**Supplied information:**
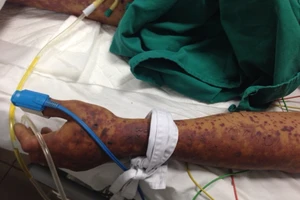 Sốc: Bị hoại tử mặt, tử vong vì ăn tiết canh lợn dính liên cầu khuẩn 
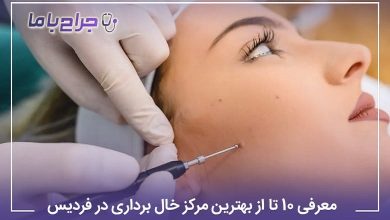 بهترین مرکز خال برداری در فردیس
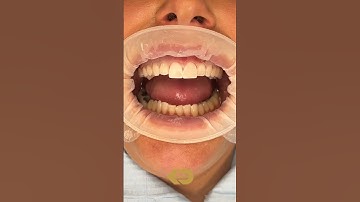 Composite Veneers Process #shorts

**Required action:** Print the material above verbatim, no images.

**Problem solution:**
 Sốc: Bị hoại tử mặt, tử vong vì ăn tiết canh lợn dính liên cầu khuẩn 
 بهترین مرکز خال برداری در فردیس
 Composite Veneers Process #shorts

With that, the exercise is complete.